Incident Report for Voyado

Postmortem

Description and Impact

A recent update to the Email Recommendations service introduced a change intended to simplify configuration and improve caching. However, this inadvertently caused image files to be stored locally on individual servers rather than in shared storage. As a result, image requests frequently failed, triggering a surge in background jobs attempting to recreate missing images.

These jobs launched in an uncontrolled manner, consuming excessive CPU resources. Even with full auto-scaling in effect, all available server capacity was quickly saturated, which led to degraded performance and service outages.
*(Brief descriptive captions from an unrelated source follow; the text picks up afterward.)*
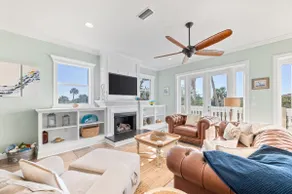 Breezy home w/ private pool & beach access - Image 2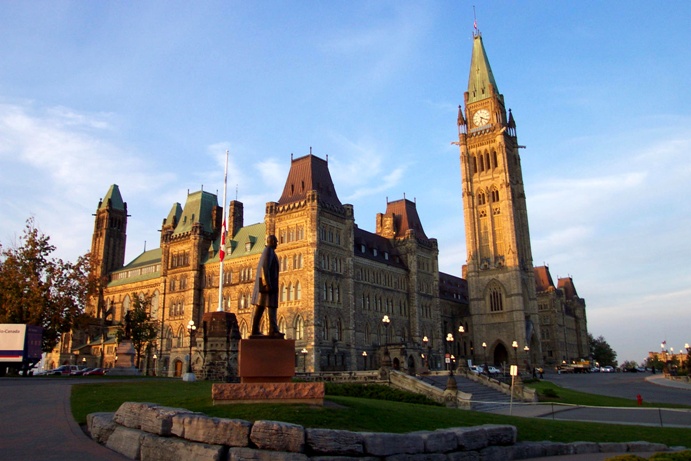 اوتاوا : كندا / Ottawa : Canada Parliament%20Hill%20view%202-Ottawa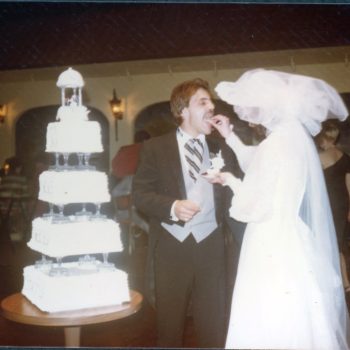 Johnny Boy Cupo, Linda Cupo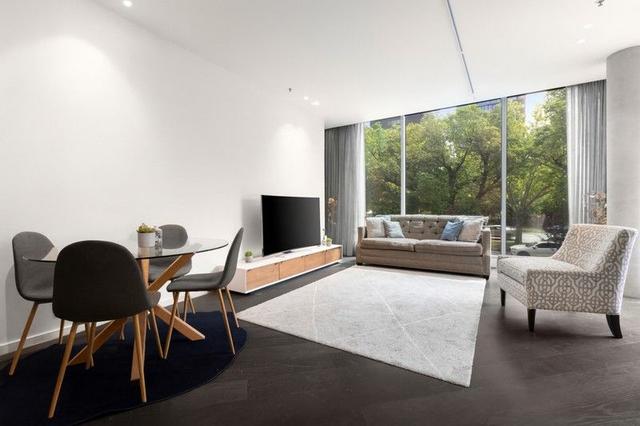 110/499 St Kilda Road, VIC 3000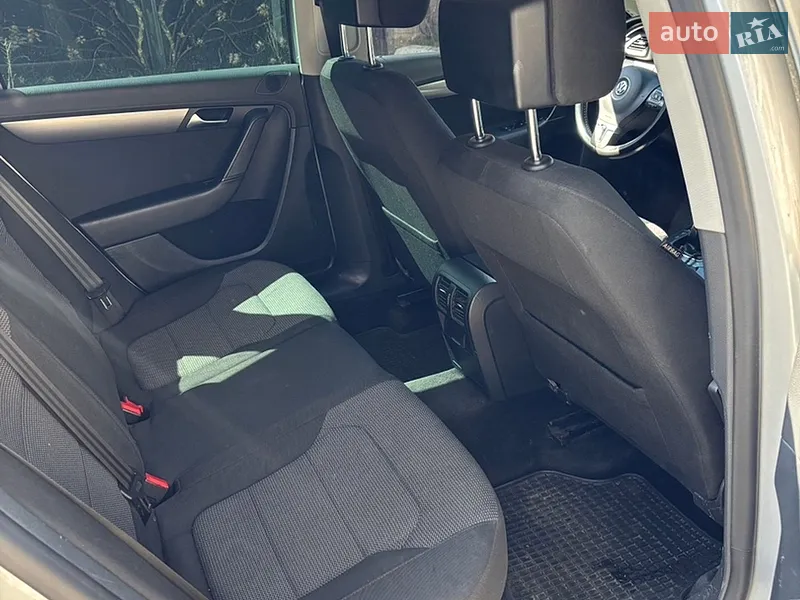 Volkswagen Passat 2014 VIN WVWZZZ3CZFE055173 фото оголошення 7 з 47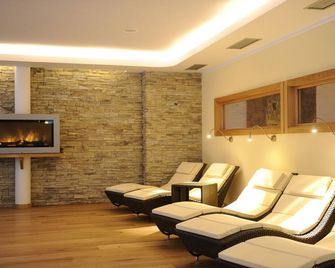 Alpholiday Dolomiti Wellness & Family Hotel - Dimaro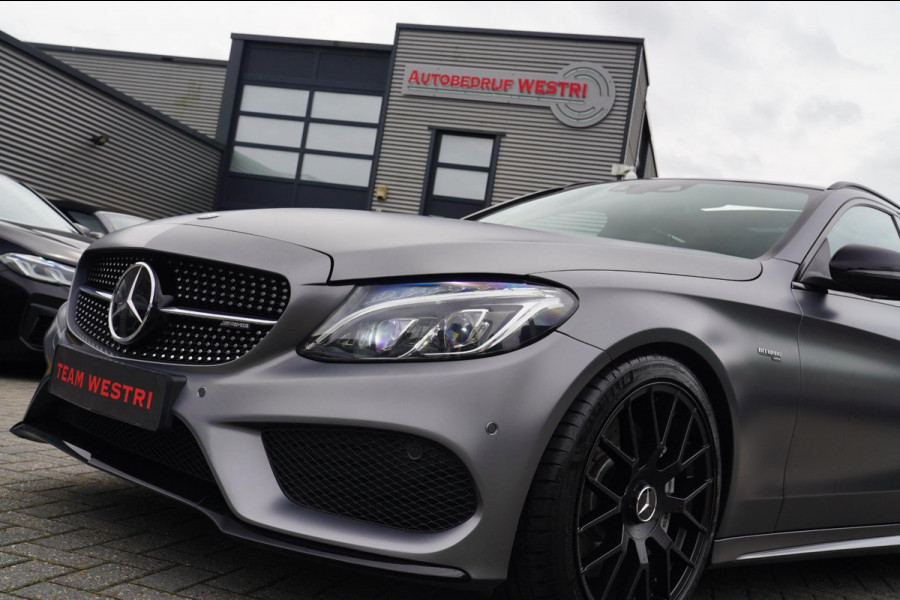 Mercedes-Benz C-Klasse Estate AMG 43 4MATIC | Burmester | Panorama | Designo Matte Grey | Luxe Leder / Alcantara | Camera | NIEUW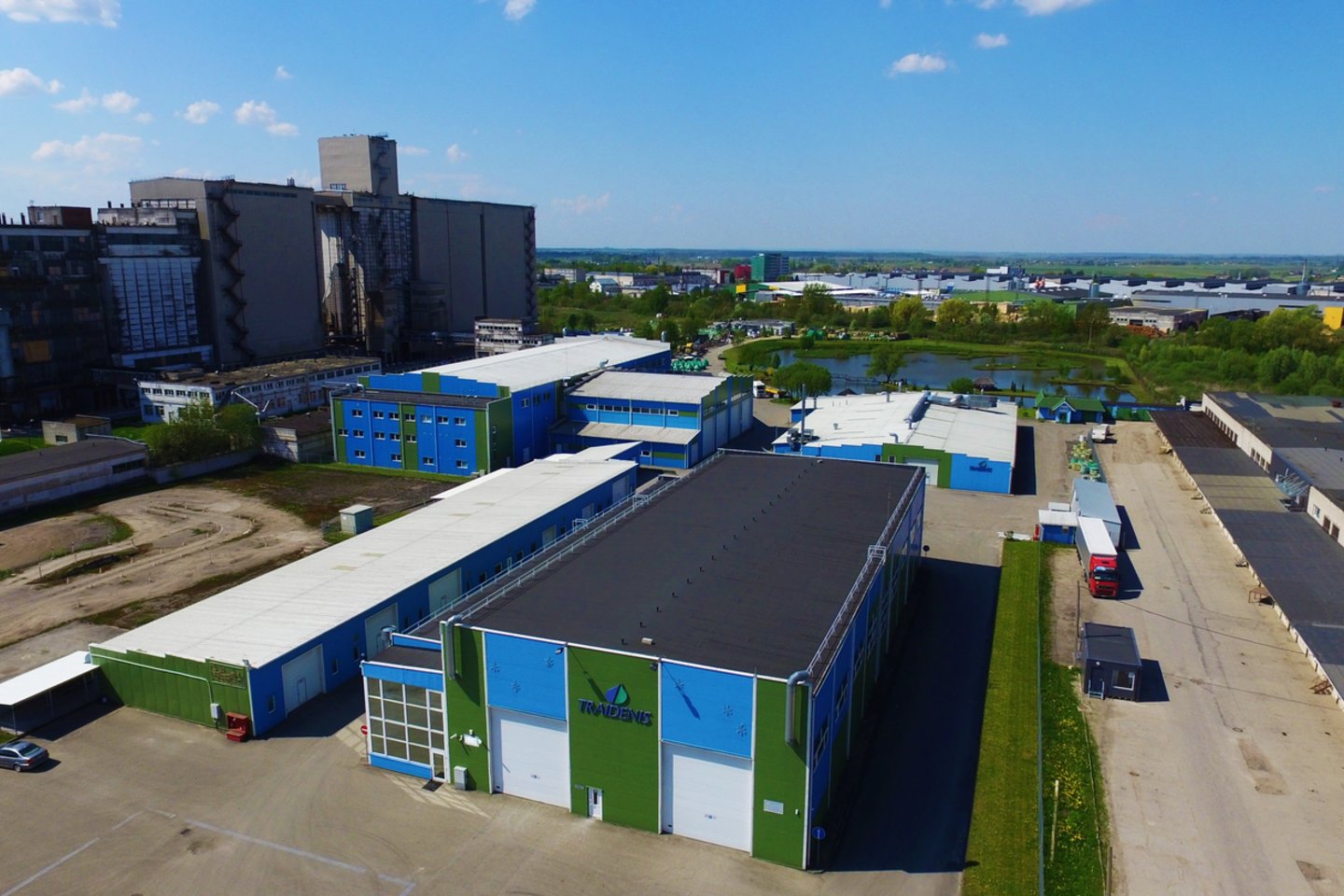 Gamybinė įmonė „Traidenis“ įkurta 1996 m., kuri pirmoji Lietuvoje pradėjo gaminti nuotekų valymo įrenginius ir talpas iš stiklaplasčio.<br>Archyvo nuotr.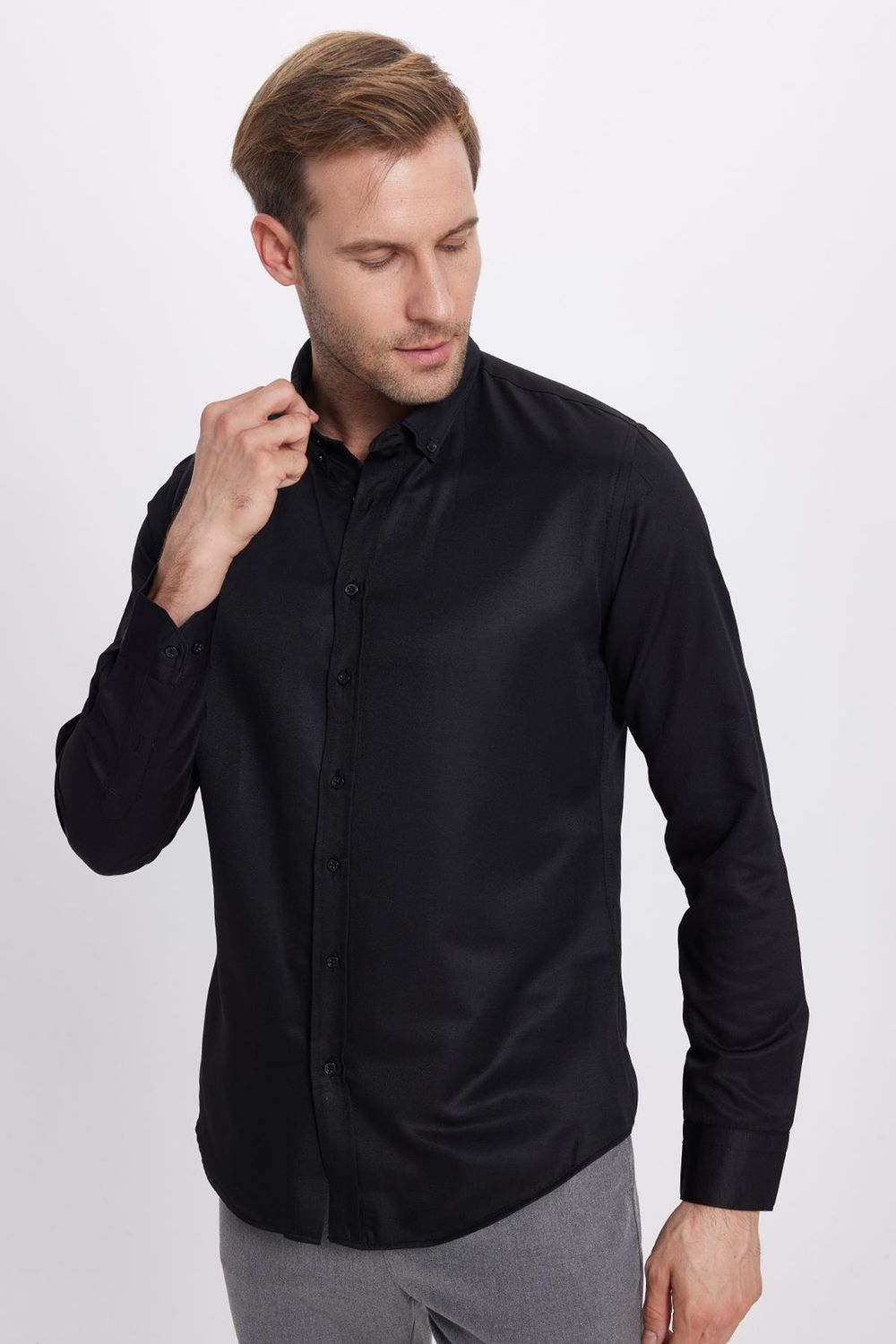 Slim Fit Uzun Kollu Düğmeli Yaka Pamuklu Kolay Ütü Düz Erkek Gömlek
Most requests during this period failed with error responses, and any successful responses were noticeably delayed.

We understand the inconvenience this caused and acted swiftly to resolve the situation.

Affected Area

Email Recommendations

Timeline

  • 2025-05-27 12:00 UTC – A new version of Email Recommendations, that included the bug, was deployed 
  • 2025-05-27 18:50 UTC – Service degradation began
  • 2025-05-27 19:00 UTC – Issue detected and investigation started
  • 2025-05-27 21:00 UTC – Service fully restored

Actions Going Forward

  • Configuration has been corrected to ensure proper handling of image storage
  • New alerts have been added to detect high CPU usage in fully scaled environments at an earlier stage
  • Additional automated testing will be introduced to better catch similar issues before deployment
Posted May 28, 2025 - 10:57 CEST

Resolved

Service is back to normal.
Posted May 27, 2025 - 23:05 CEST

Investigating

We are current seeing degraded service in the Email Recommendation service.
Posted May 27, 2025 - 21:00 CEST
This incident affected: Elevate (Email Recommendations).